Great, but then you will please have to start a thread for your reviews of Juicy Vapor e-liquids here: http://www.ecigssa.co.za/index.php?forums/e-liquid-reviews/. You can check out the format in some of the other threads there.


----------



## Tom (13/2/14)

yes, agreeing with @Matthee 100%. There is a couple of discussions going around if it is worth it for the price, we need the reviews to find out.


----------



## Andre (13/2/14)

@hyphen, here is a thread where you will find more info on Juicy Vapor - also some recommendations on which of the juices are worthwhile: http://www.ecigssa.co.za/index.php?threads/juicy-vapors.906/

Reactions: Like 1


----------



## hyphen (14/2/14)

Even with the 30% discount , it comes to like R230 for 33ml's , reckon im gonna give Vapour Mountain a go until I find a big bag of money and a winning lottery ticket .

Reactions: Like 1


----------



## Andre (14/2/14)

hyphen said:


> Even with the 30% discount , it comes to like R230 for 33ml's , reckon im gonna give Vapour Mountain a go until I find a big bag of money and a winning lottery ticket .

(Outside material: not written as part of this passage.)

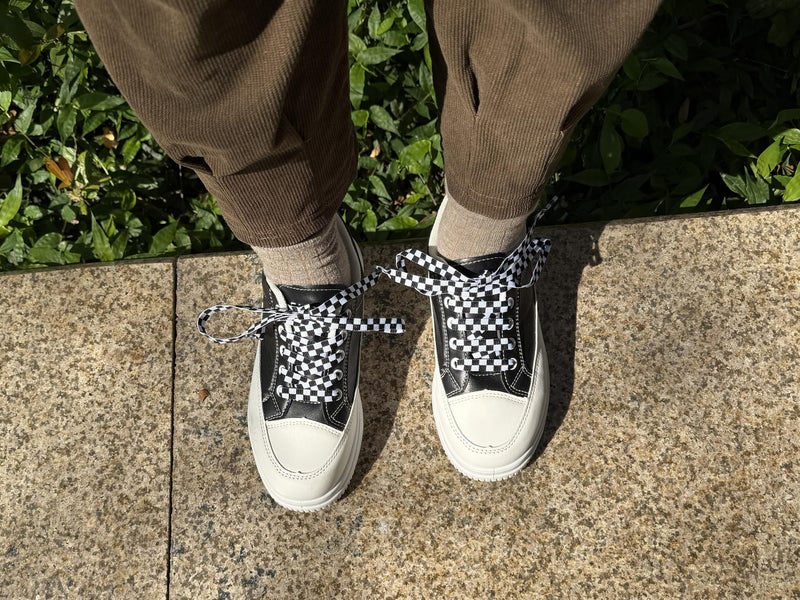 Goodlace Two-color Checkered Flat Shoelaces Plaid Shoe Lace for Casual Shoes 47Inch Black and White - Image 3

Mark from Juicy Vapor will be at tomorrow's vape meet. Hopefully we shall be able to sample some of his juices. I have ordered a few 12 mls from those recommended by @Zodiac and others, seeing that they are 30 % off and to be able to personally see if they anything near worth the expense. If you want to attend the Cape Vape Meet just post your name at the end of this thread: http://www.ecigssa.co.za/index.php?...-february-2014-at-14-30.760/page-8#post-15426


----------



## Silver (14/2/14)

Good to know @Matthee - and will be waiting for your feedback on those juices after you've tried them...

We need more juice

Reactions: Like 2


----------